Perhaps it comes from having the sort of parents who love facts, charts, numbers, research, and proven hypothesis with all variables covered, but I love it when things I think and feel instinctively about exercise wind up to actually have a scientific basis. (Or perhaps I just like the validation of being right about something once in a blue moon!)
I recently posted rather cavalierly regarding how I feel when there is rhythm and harmony flowing through my earbuds – to give you the dime tour version of the post, I noted that music “always sucks me out the door and into the great wide running world.” In other words, it motivates to get physical.

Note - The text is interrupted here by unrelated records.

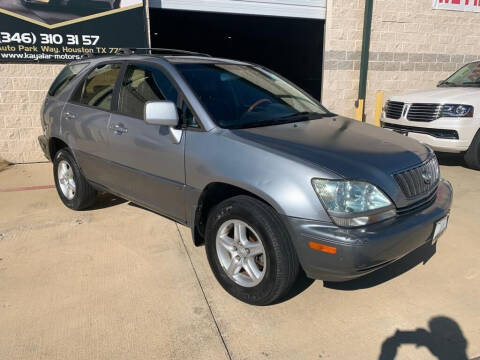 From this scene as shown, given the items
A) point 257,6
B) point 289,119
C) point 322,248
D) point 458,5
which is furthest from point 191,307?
point 458,5

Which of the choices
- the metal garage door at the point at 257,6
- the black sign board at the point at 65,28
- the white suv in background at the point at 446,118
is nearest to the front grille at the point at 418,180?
the white suv in background at the point at 446,118

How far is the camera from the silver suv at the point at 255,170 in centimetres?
243

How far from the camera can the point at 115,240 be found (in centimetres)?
398

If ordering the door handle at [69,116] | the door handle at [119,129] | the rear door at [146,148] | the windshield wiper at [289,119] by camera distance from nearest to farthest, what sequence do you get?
1. the windshield wiper at [289,119]
2. the rear door at [146,148]
3. the door handle at [119,129]
4. the door handle at [69,116]

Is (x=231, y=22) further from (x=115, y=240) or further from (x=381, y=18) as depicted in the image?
→ (x=115, y=240)

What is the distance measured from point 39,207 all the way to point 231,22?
44.4 feet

Well, apparently some Canadian scientists were already on the case in support of my ideas. According to Dr. Renee Murphy, “Our research leads us to believe that if people are listening to music while they exercise, they are not feeling the soreness, or the fatigue, or the heavy breathing or the pounding heart. All these things become secondary to the enjoyment of the music.” If you’re in tune with your music and having any sort of positive reaction to the songs, you are less likely want to stop working out, thus increasing your stamina and your ability to push through mental barriers.
When I first started running to music, I used to be a high-tempo, “Eye of the Tiger” kind of girl. Only fast beats would get me moving, or so I thought. Interestingly, research has also been done on what kind of music is best to listen to when you work out. And the answer? Any. Dr. Smith says, “And it doesn’t matter if it’s Kylie Minogue, country and western or Mozart. The key issue is that it has to be music that the exerciser loves.” That’s all it takes.
The Beatles might have thought all we needed was love. But as it turns out, all we really needed was The Beatles.